VedhaR
VedhaR

Reputation: 507

OpenCL - clCreateBuffer size error. Possible work arounds?

After investigating the reason why my program was crashing, I found that I was hitting the maximum for a buffer size, which is 512Mb for me (CL_DEVICE_MAX_MEM_ALLOC_SIZE).

In my case, here are the parameters.

P = 146 (interpolation factor)
num_items = 918144 (number of samples)
sizeof(float) -> 4

So my clCreateBuffer looks something like this:

output = clCreateBuffer(
        context,
        CL_MEM_READ_ONLY,
        num_items * P * sizeof(float),
        NULL,
        &status);

When the above is multiplied together and divided by (1024x1024), you get around 511Mb which is under the threshold. Change any of the parameters to one higher now and it crashes because it will exceed that 512 value.

My questions is, how can I implement the code in a way where I can use block sizes to do my calculations instead of storing everything in memory and passing that massive chunk of data to the kernel?

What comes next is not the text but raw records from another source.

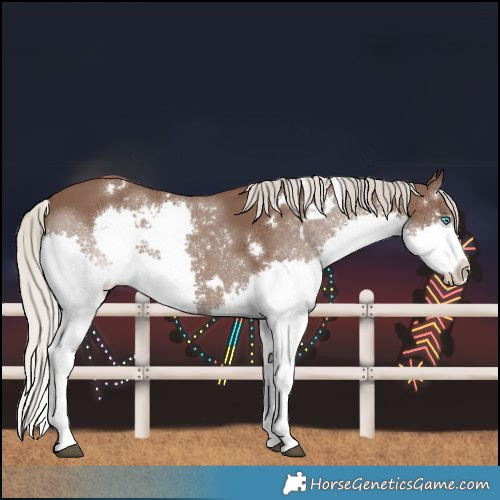 Horse Color:White Spotted Silver Black Splash 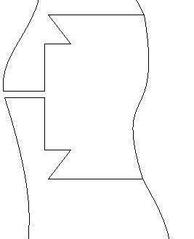 click for enlarge 267 X 329  7,0 Kb picture
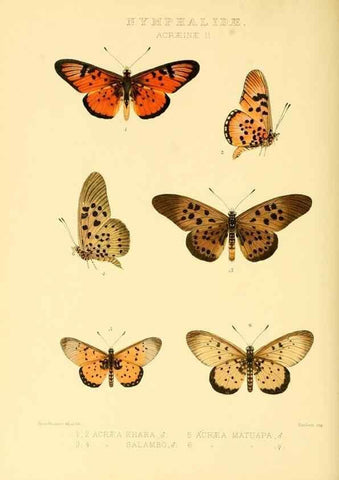 Reproducción/Reproduction 48953889513: Rhopalocera exotica. London :Gurney & Jackson,1887-1902.. 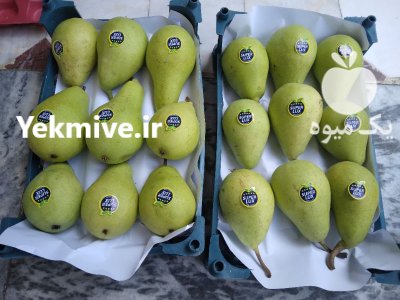 گلابی بیروتی در ساری در گروه خرید و فروش گلابی در یکمیوه -عکس1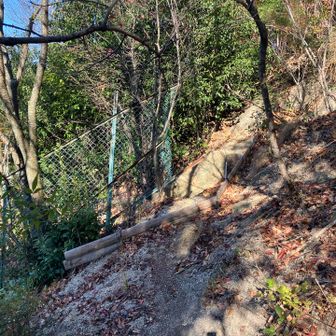 ここから出ます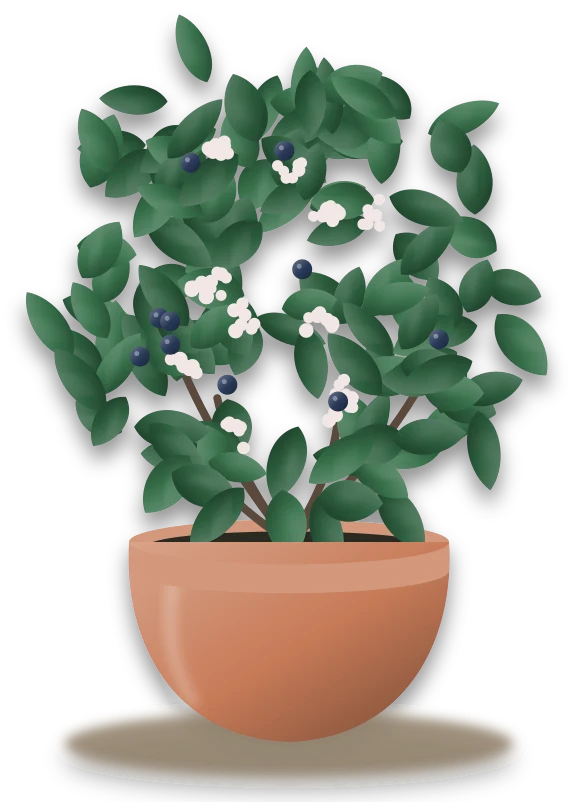 Illustration of a potted laurustinus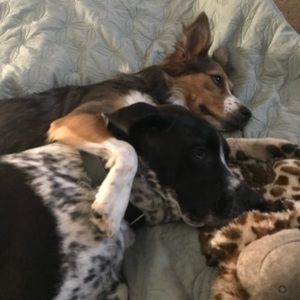 Meet your Posher, Megan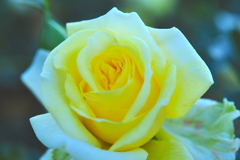 黄色の薔薇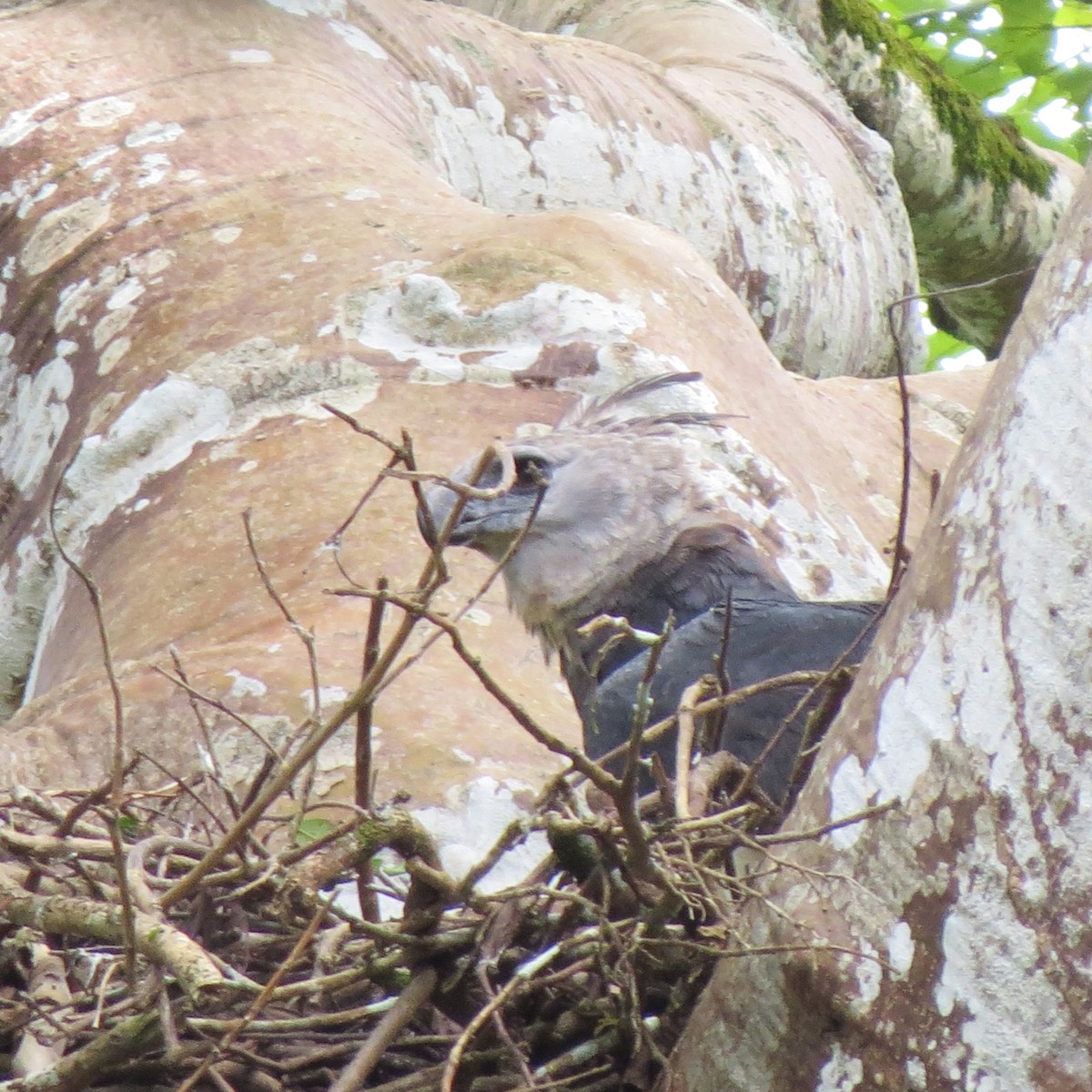 Harpy Eagle - ML118832261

In reality, the number of samples I have could easily vary to over 5 million and I definitely will not have enough memory to store all those values.

I'm just not sure how to pass small sets of values into my kernel as I have three steps that the values go though before getting an output.

First is an interpolation kernel, then the values go to a lowpass filter kernel and then to a kernel that does decimation. After that the values are written to an output array. If further details of the program are needed for the sake of the problem I can add more.

UPDATE Not sure what the expected answer is here, if anyone has a reason I would love to hear it and potentially accept it as the valid answer. I don't work with OpenCL anymore so i don't have the setup to verify.

Upvotes: 3

Views: 2123

Answers (1)

Andreas
Andreas

Reputation: 5301

Looking at the OpenCL specification and clCreateBuffer I would say the solution here is allowing use of host memory by adding CL_MEM_USE_HOST_PTR to flags (or whatever suits your use case). Paragraphs from CL_MEM_USE_HOST_PTR:

This flag is valid only if host_ptr is not NULL. If specified, it indicates that the application wants the OpenCL implementation to use memory referenced by host_ptr as the storage bits for the memory object.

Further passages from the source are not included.